The task
When you copy from the entries that follow, take only the lines from the one with "Горилла в заповеднике, Конго" down to the one with "Nimbochromis livingstonii macho", keeping both ends and dropping every picture.

------ Available data ------

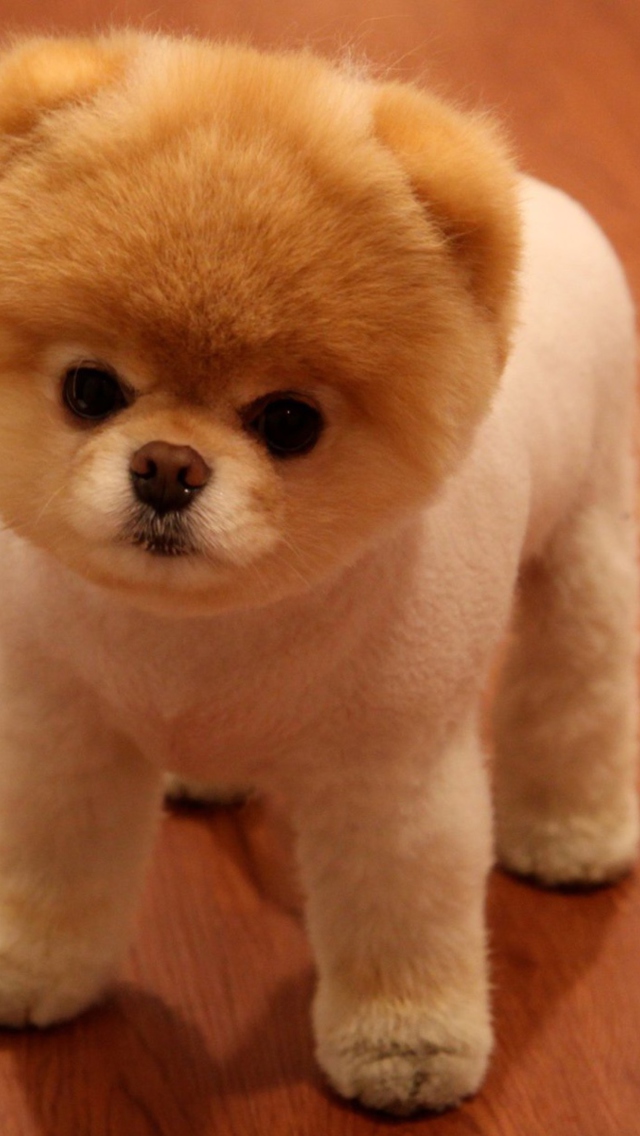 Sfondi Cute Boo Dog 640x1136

------
------ Available data ------

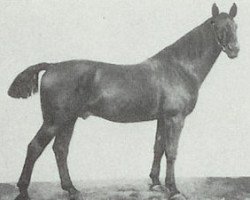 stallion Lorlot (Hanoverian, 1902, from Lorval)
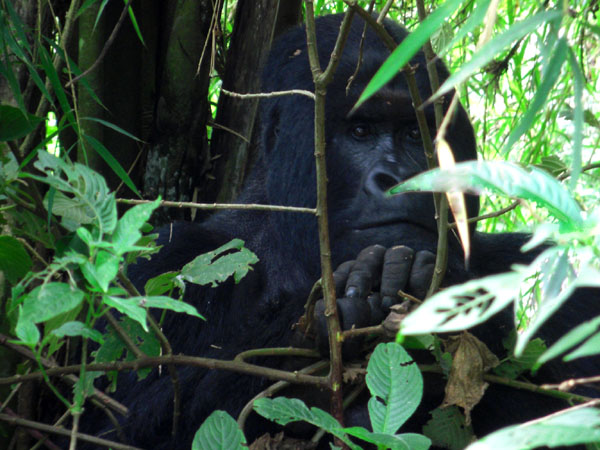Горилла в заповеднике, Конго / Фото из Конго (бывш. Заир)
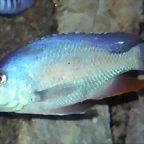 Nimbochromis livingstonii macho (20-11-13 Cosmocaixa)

------

Final answer
Горилла в заповеднике, Конго / Фото из Конго (бывш. Заир)
 Nimbochromis livingstonii macho (20-11-13 Cosmocaixa)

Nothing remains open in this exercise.